What we do know is that while Belichick played coy with the defensive game plan after beating the Rams, the Patriots used pressure packages (blitzes plus zone exchanges) on 32.5 percent of the dropbacks.
That’s a change, and one for the better.
Here are the positional ratings against the Rams:
Quarterbacks(rating: 4.5 out of 5)
Tom Brady was nearly flawless, but it was hard to judge just how good he was because the Rams coverage was so bad. There were blown assignments all over the place, so the degree of difficulty was very low. This was one of those games that was just tailor-made for Brady. The line gave him great protection, and the coverage was far below average. Brady can throw all day in those circumstances. The most impressive aspect of Brady’s game was how he ignored all the pressure around him. We’ve seen him shaky in those spots, but this was classic Brady standing tall in the pocket, not feeling the rush. He was touched only twice — on the 37th and 68th plays. That helps a lot, considering the book is to hit Brady early to speed him up. Ryan Mallett was average in his first stint.

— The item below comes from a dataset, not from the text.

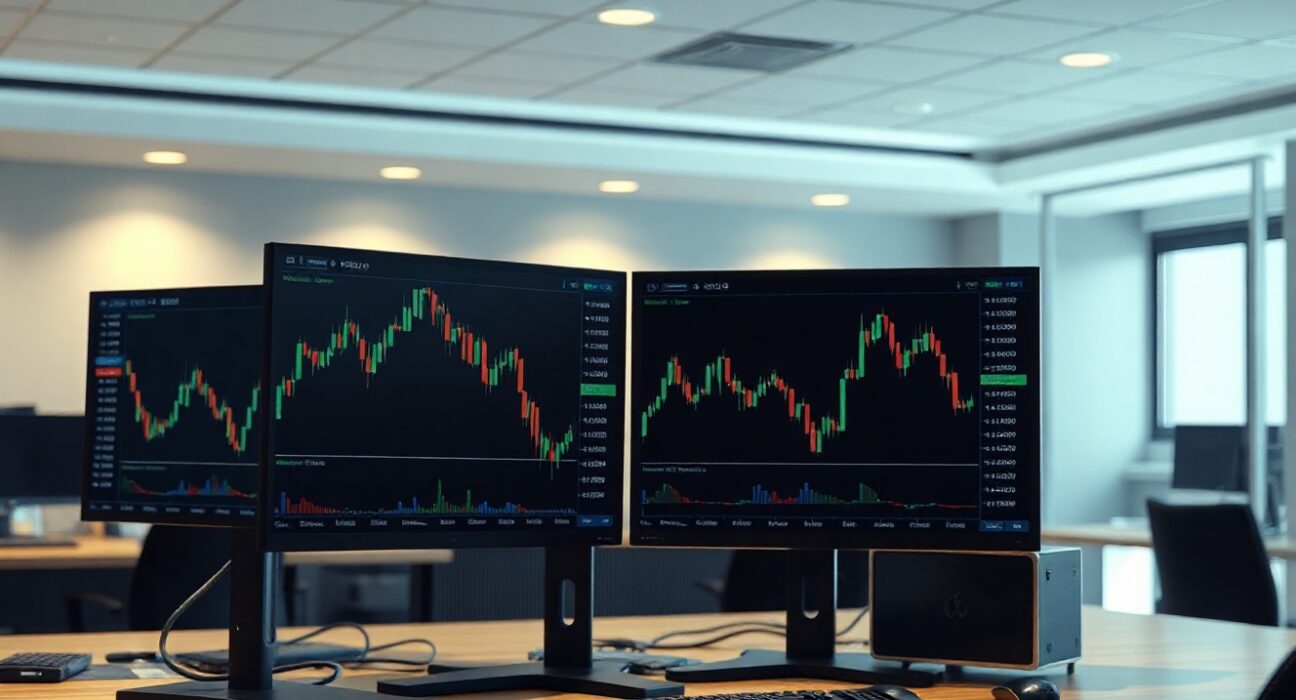 Trading monitors showing dollar index and Asian currency charts in a financial newsroom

Running backs (5 out of 5)
Tremendous day for all three running backs. The only potential negative play was when Stevan Ridley picked the wrong hole on the fourth play of the game — and that’s splitting hairs. New England was really fortunate that Brandon Lloyd wasn’t called for a blatant pick on linebacker Jo-Lonn Dunbar on Danny Woodhead’s 28-yard reception on third and 2 on the opening drive. Great juke move by Shane Vereen on safety Craig Dahl on his 14-yard run in the second quarter. Vereen is at his best in space, and the Patriots have done a nice job drawing up and executing plays that accentuate his positives. Ridley absolutely trucked Dahl on his 16-yard run in the middle of the third quarter.
Receivers (4.5 out of 5)
Rob Gronkowski was back on his game, and with a bye week coming up, that’s a great sign for the second half. Tremendous over-the-shoulder catch by Gronkowski down to the 1 before the Patriots’ second score. A tribute to his outstanding athletic ability. The Rams really thought they could use rookie tackle Michael Brockers to help cover Gronkowski on the score that put the Patriots up, 21-7? Daniel Fells, who has been inconsistent with his blocking this season, had a great one on Ridley’s 30-yard run in the third quarter against Quintin Mikell, who had leverage on Fells at one point. Great route by Lloyd against Janoris Jenkins on the touchdown to go up, 35-7. Lloyd faked the fade hard and then crossed Jenkins, who had no idea what to do. The Patriots took advantage of Jenkins’s overaggressiveness all game. He was completely overmatched. Julian Edelman may be known for his run blocking, but he let players cross his face, leading to two negative runs in the third quarter.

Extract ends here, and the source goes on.